The model is therefore informative but limited. Population explains a substantial share of the variation in total GDP in this dataset, but it is still a one-variable model and should not be treated as a complete explanation of economic output.
Example predictions
The notebook demonstrates predictions for several population sizes:
| Mean population | Predicted mean GDP |
|---|---|
| 10 million | US$0.510 trillion |
| 50 million | US$0.751 trillion |
| 100 million | US$1.053 trillion |
| 500 million | US$3.468 trillion |
These are demonstrations of the fitted regression line, not forecasts. They use population as the only input, so they ignore productivity and other economic differences between countries/entities.
Reflections
Legal, social, ethical and professional issues
Working with country-level and aggregate economic data raises issues that go beyond model accuracy:
- Risk of misinterpretation. A positive relationship between population and total GDP should not be presented as "larger populations make countries richer". Total GDP is not the same as GDP per capita or living standards.
- Aggregate rows. The dataset includes World Bank aggregate entities such as
World, income groups, and regions. These rows are useful for a broad descriptive exercise, but they overlap with country rows and are not independent observations. - Data provenance and quality. World Bank data is compiled from national and institutional sources. Measurement quality can vary by country, year, and economic context.
- Causal limits. The regression is associational. It does not prove that population growth causes GDP growth, nor does it account for productivity, institutions, trade, education, infrastructure, conflict, or resource endowments.
Applicability and challenges of the dataset
- Skewed distributions. Population and total GDP are both heavily right-skewed, so log-scale visualisation is useful for revealing patterns among smaller and medium-sized entries.
- Single predictor. Population alone explains about half of the observed variation in total GDP, but the remaining variation is still large.
- Unit interpretation.
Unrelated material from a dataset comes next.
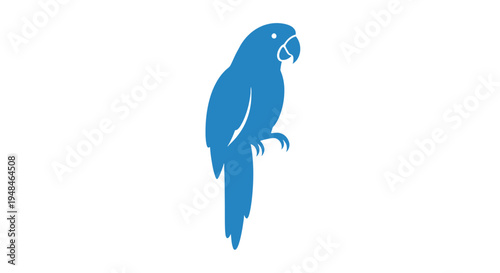 Blue Parrot Bird Illustration Silhouette Profile.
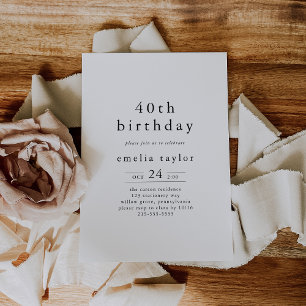 EMELIA Boho Minimalist Unik Rustic 40:e födelsedag Inbjudningar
The model uses population in millions and GDP in trillions for readability. The unit conversion does not change the relationship, but it matters for interpreting the slope correctly.
- Entity definition. Because aggregate entities are included, the results should be described as applying to countries/entities rather than strictly to countries.
- GDP versus GDP per capita. Total GDP captures aggregate economic output. It should not be used as a direct measure of individual prosperity.
Summary
Across 257 countries/entities between 2001 and 2020, mean population and mean total GDP show a strong positive correlation (Pearson r = 0.7213, p = 1.459e-42). After log transformation, the relationship is even stronger (Pearson r = 0.8818, p = 3.15e-85).
The simple linear regression model estimates that each additional 1 million people is associated with about US$6.036 billion more mean total GDP, and population alone explains about 52.03% of the variation in mean GDP. The headline finding is therefore clear: population is meaningfully related to total GDP, but it is not a complete explanation of economic output or prosperity.